* [Dataset records]:
····················

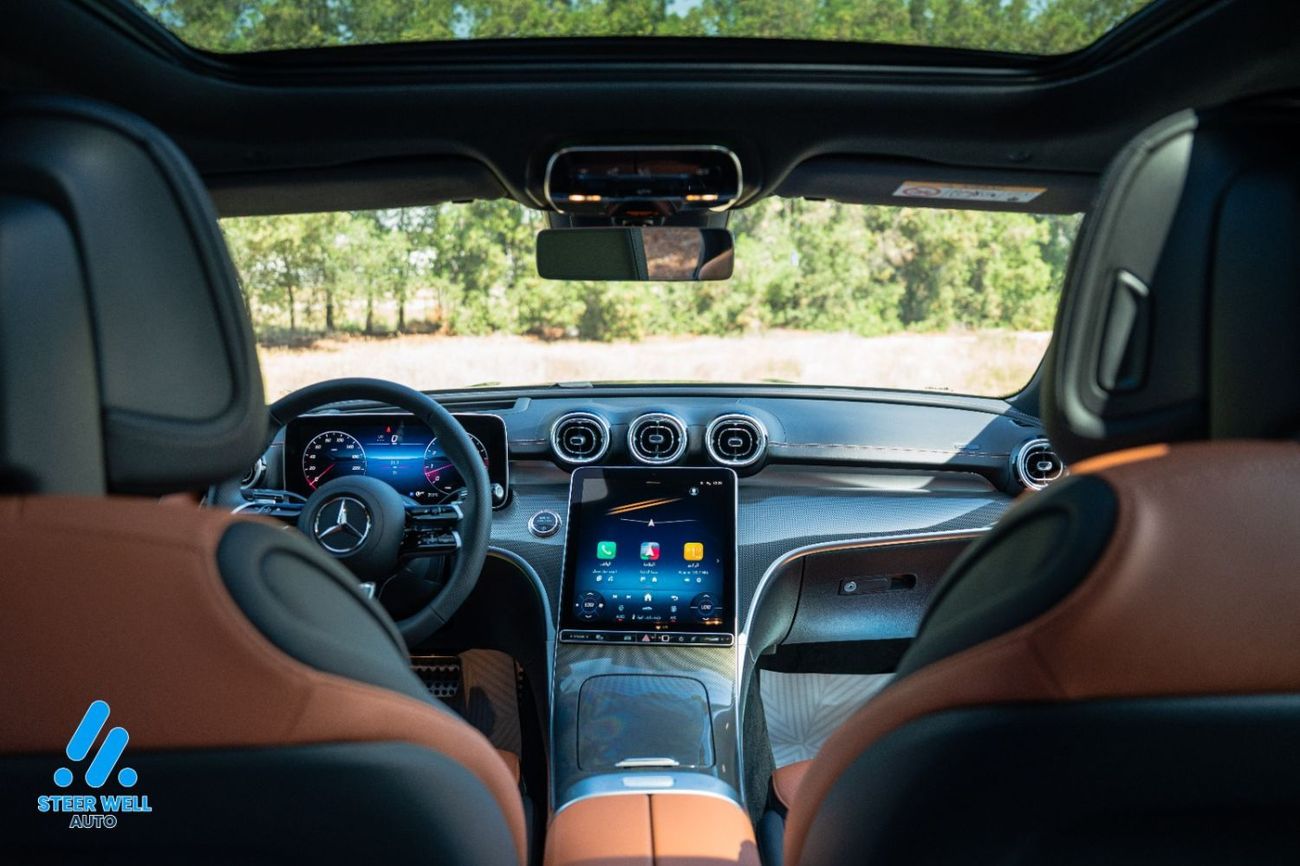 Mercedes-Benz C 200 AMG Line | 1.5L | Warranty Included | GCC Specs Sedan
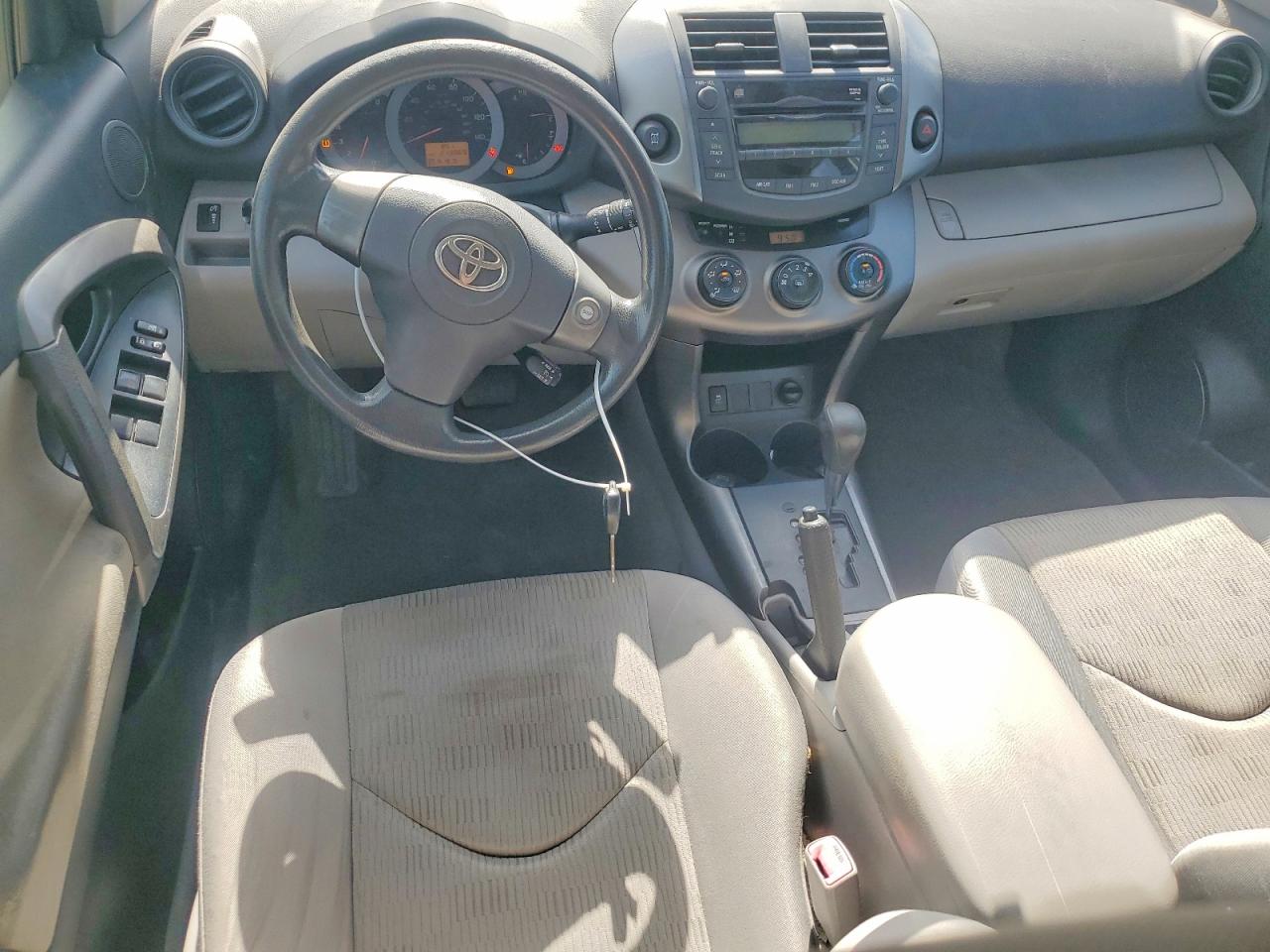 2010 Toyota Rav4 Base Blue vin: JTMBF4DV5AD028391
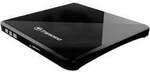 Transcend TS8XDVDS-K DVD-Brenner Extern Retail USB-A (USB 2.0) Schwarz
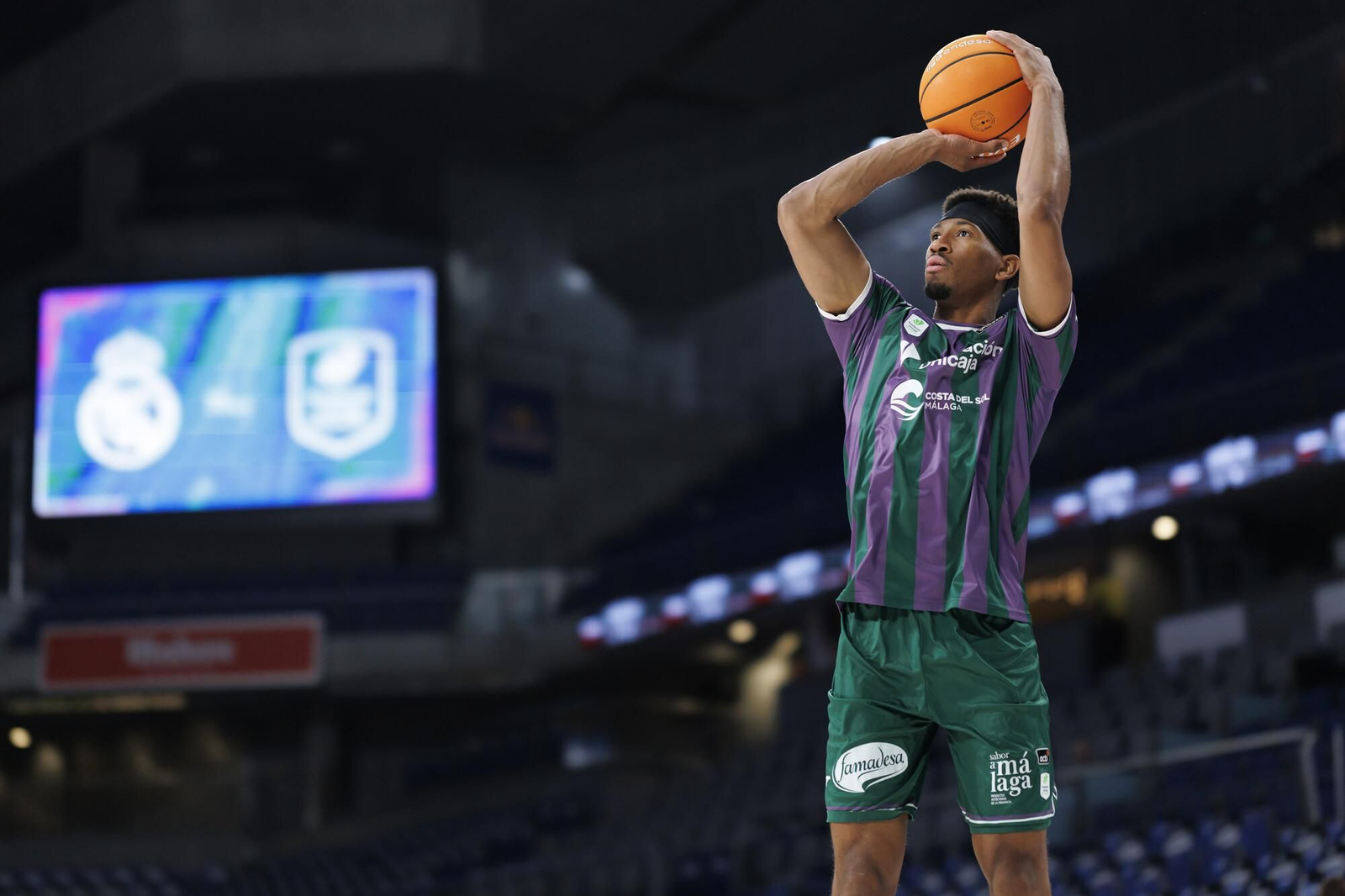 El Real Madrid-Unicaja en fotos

····················

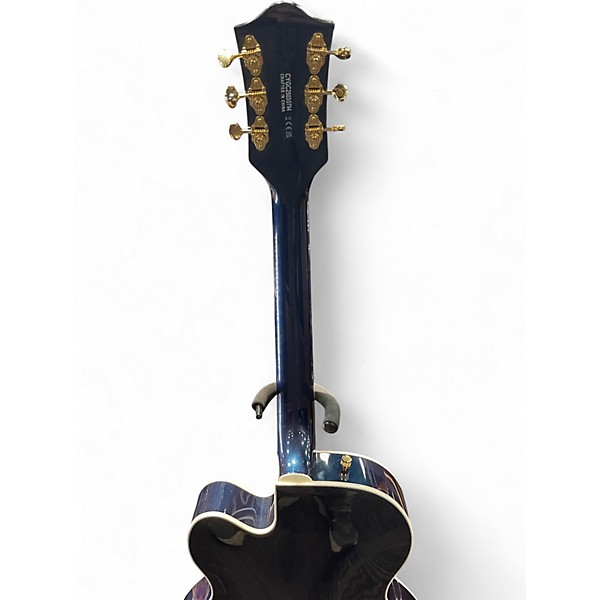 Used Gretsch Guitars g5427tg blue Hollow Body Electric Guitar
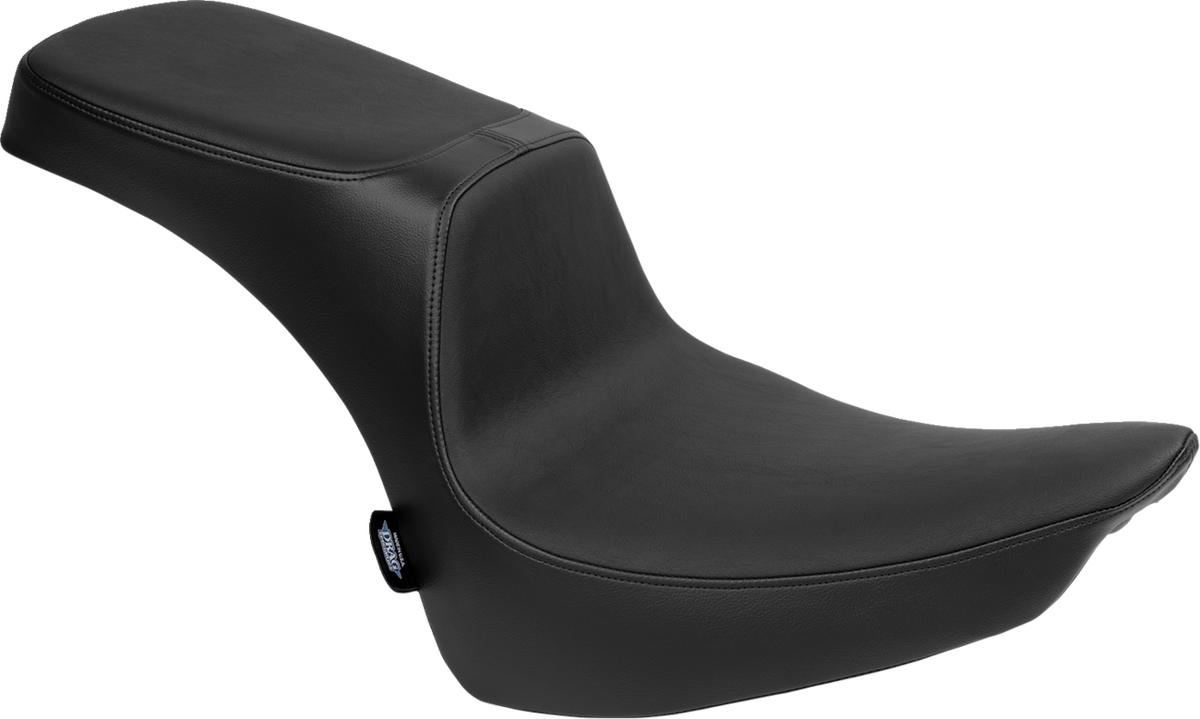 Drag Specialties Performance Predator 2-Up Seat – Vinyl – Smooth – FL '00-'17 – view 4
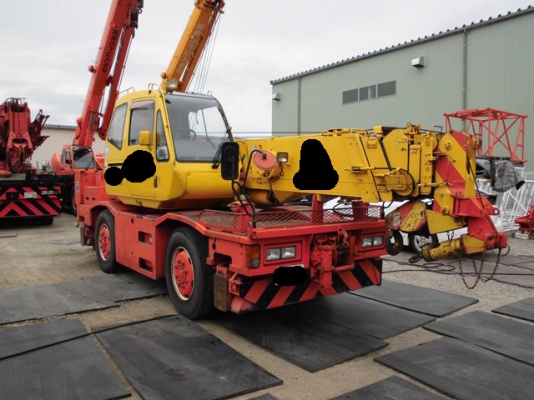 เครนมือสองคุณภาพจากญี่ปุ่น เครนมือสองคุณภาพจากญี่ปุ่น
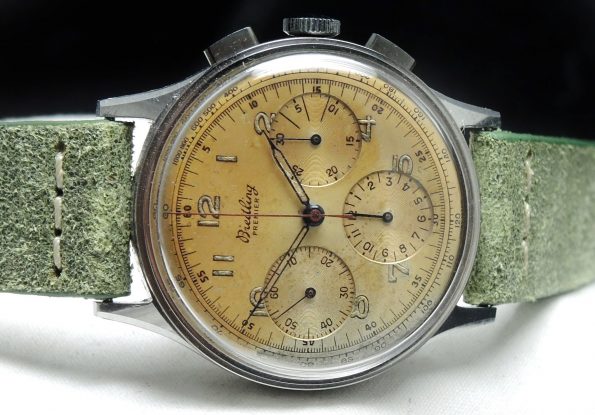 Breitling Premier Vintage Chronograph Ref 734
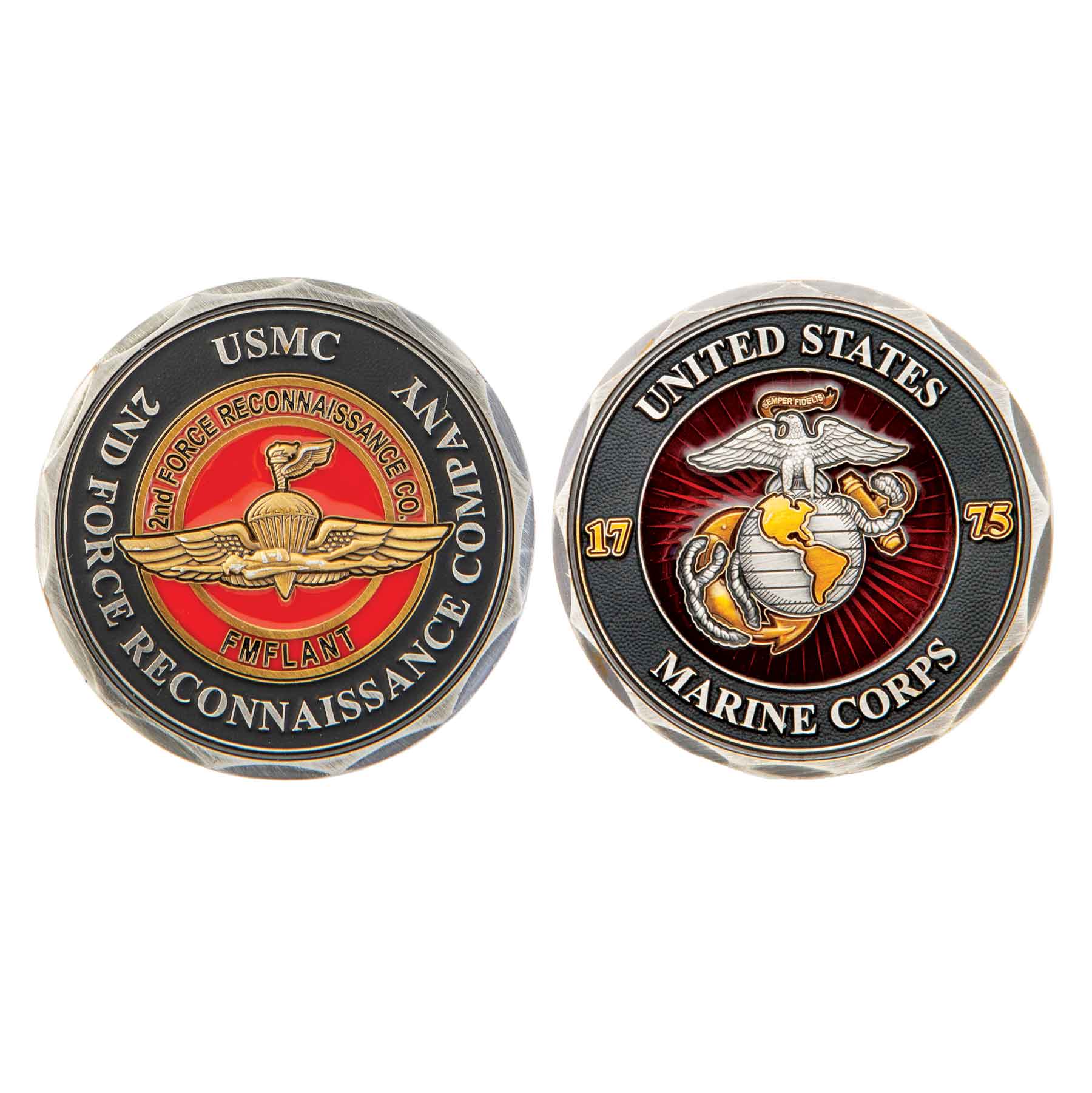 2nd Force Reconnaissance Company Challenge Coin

····················

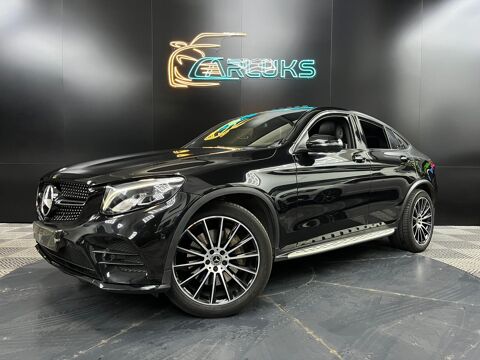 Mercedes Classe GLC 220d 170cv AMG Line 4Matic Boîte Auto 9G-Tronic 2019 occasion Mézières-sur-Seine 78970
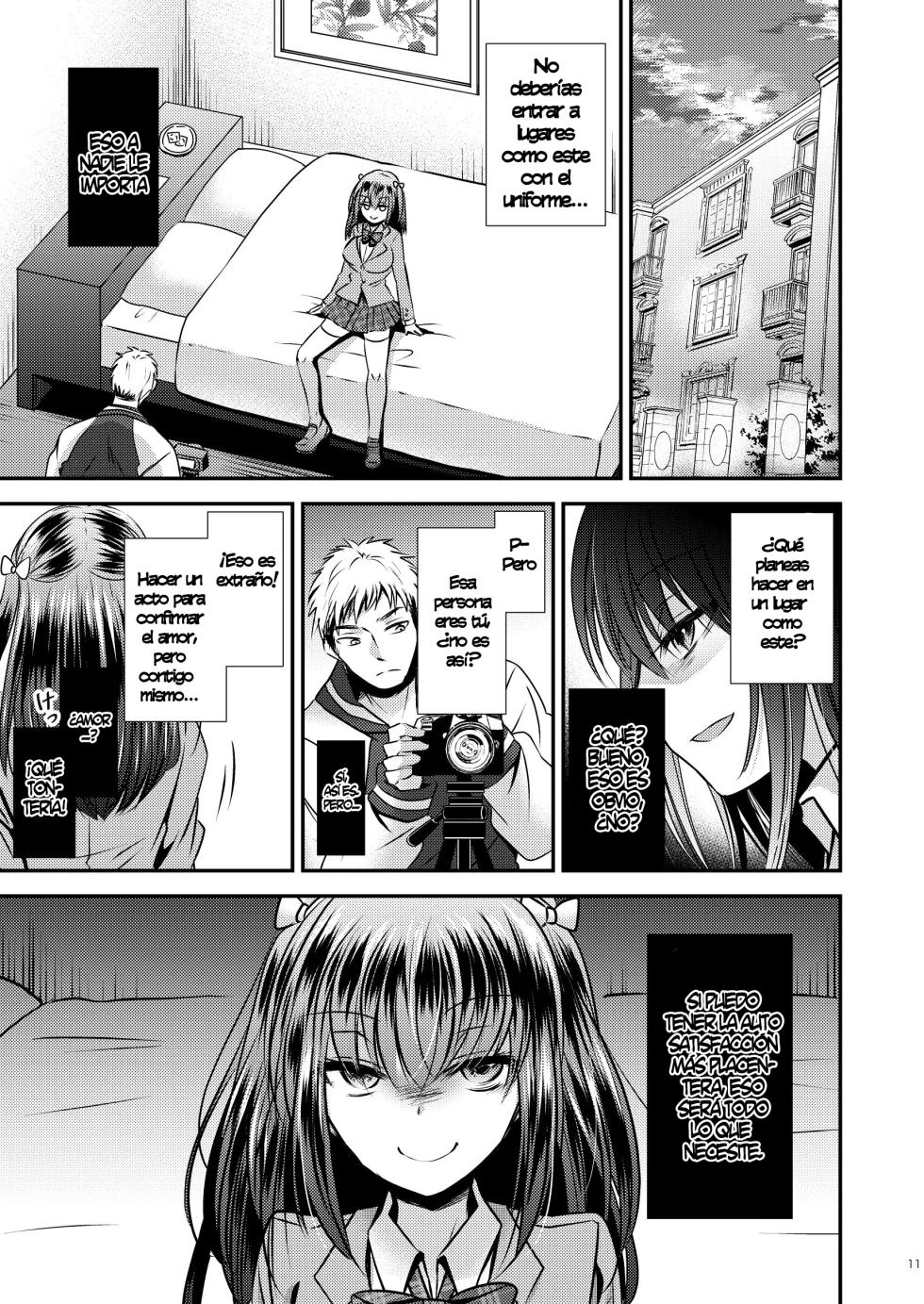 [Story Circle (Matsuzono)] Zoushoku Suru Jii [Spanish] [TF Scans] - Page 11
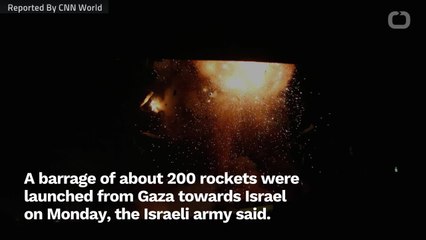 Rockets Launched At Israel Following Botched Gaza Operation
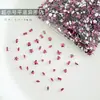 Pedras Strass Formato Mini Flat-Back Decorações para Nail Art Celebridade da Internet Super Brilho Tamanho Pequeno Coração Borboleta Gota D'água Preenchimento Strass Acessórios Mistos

····················

* [The problem]: Using the data above, print only the lines starting at the one with "Mercedes-Benz C 200" and ending at the one with "El Real Madrid-Unicaja en fotos", exactly as they stand, minus the pictures.

* [Output for this exercise]:
 Mercedes-Benz C 200 AMG Line | 1.5L | Warranty Included | GCC Specs Sedan
 2010 Toyota Rav4 Base Blue vin: JTMBF4DV5AD028391
 Transcend TS8XDVDS-K DVD-Brenner Extern Retail USB-A (USB 2.0) Schwarz
 El Real Madrid-Unicaja en fotos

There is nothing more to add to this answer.